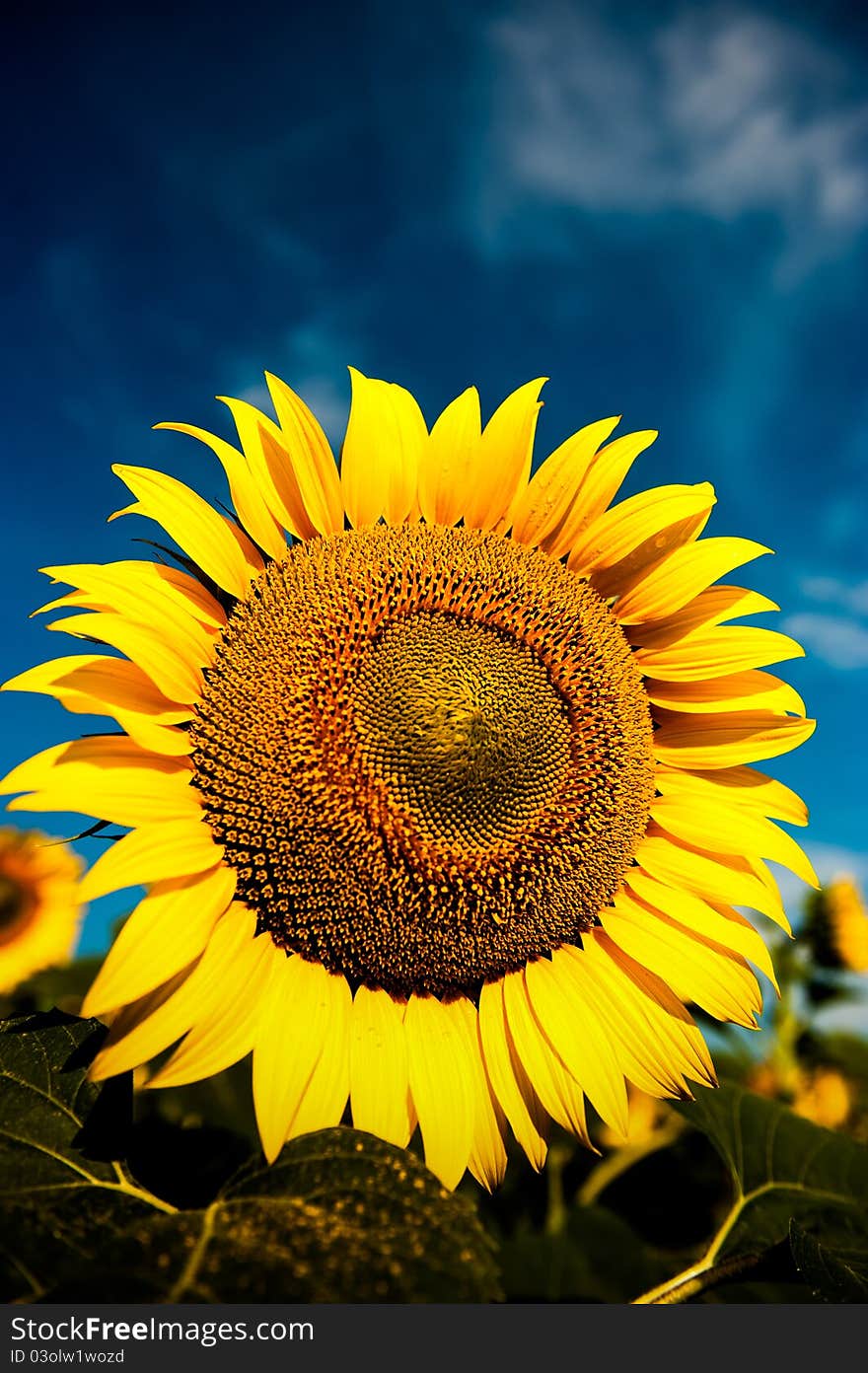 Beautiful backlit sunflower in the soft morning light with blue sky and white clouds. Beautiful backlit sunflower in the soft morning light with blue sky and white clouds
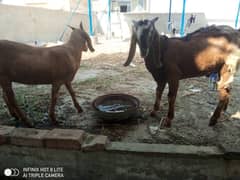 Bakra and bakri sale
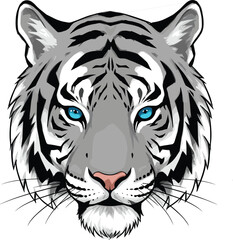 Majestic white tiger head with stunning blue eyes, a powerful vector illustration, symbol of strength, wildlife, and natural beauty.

■ **ABOUT THIS TASK**:
Repeat the data word for word, minus any pictures.

■ **SOLUTION TO THIS EXERCISE**:
 Beautiful backlit sunflower in the soft morning light with blue sky and white clouds. Beautiful backlit sunflower in the soft morning light with blue sky and white clouds
 Bakra and bakri sale
 Majestic white tiger head with stunning blue eyes, a powerful vector illustration, symbol of strength, wildlife, and natural beauty.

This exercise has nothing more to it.